→ Activity
Return the data below unchanged. Drop any pictures.

→ Data extract
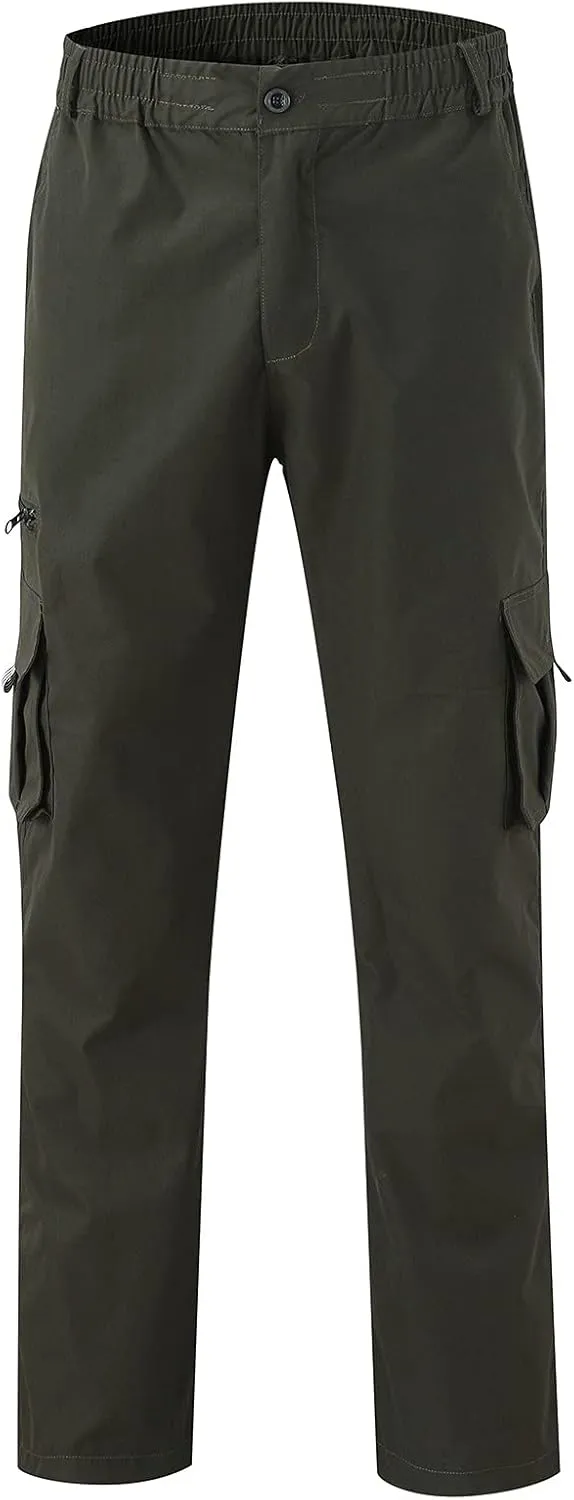 Cargo Work Pant Men Linen Casual Chinos Pants Gym Yoga Sweatpant with Multiple Pockets Joggers Bottoms Pant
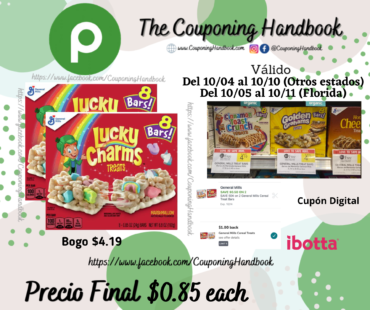 Lucky Charms Breakfast Cereal Treat Bars, Snack Bars por $0.85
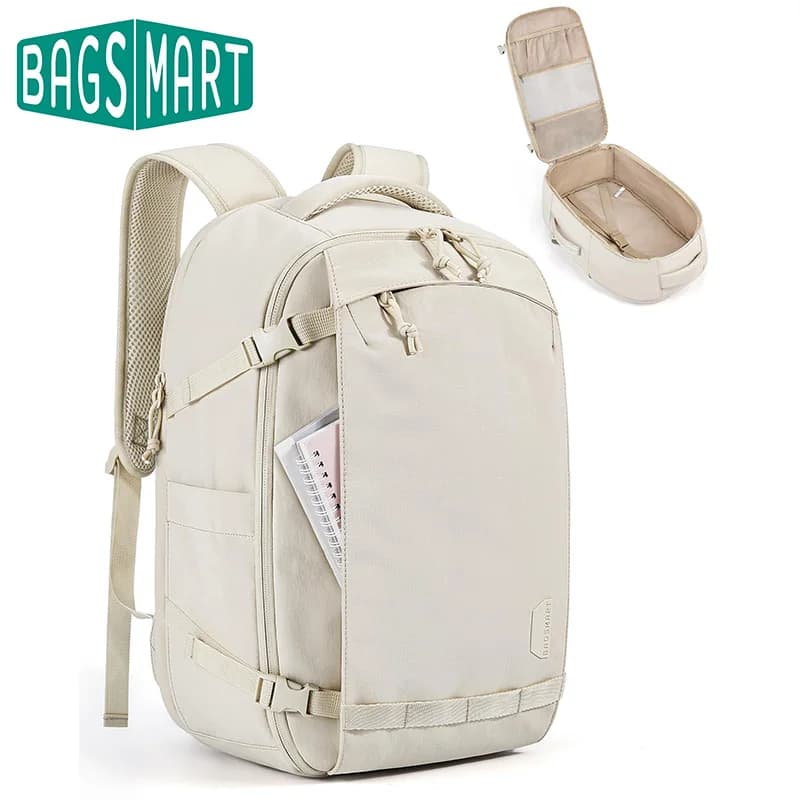 BAGSMART Zaino da viaggio per donna 30L Borsa da viaggio TSA approvata per il volo Zaino da viaggio resistente all'acqua Zaino da uomo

→ Answer below
 Cargo Work Pant Men Linen Casual Chinos Pants Gym Yoga Sweatpant with Multiple Pockets Joggers Bottoms Pant
 Lucky Charms Breakfast Cereal Treat Bars, Snack Bars por $0.85
 BAGSMART Zaino da viaggio per donna 30L Borsa da viaggio TSA approvata per il volo Zaino da viaggio resistente all'acqua Zaino da uomo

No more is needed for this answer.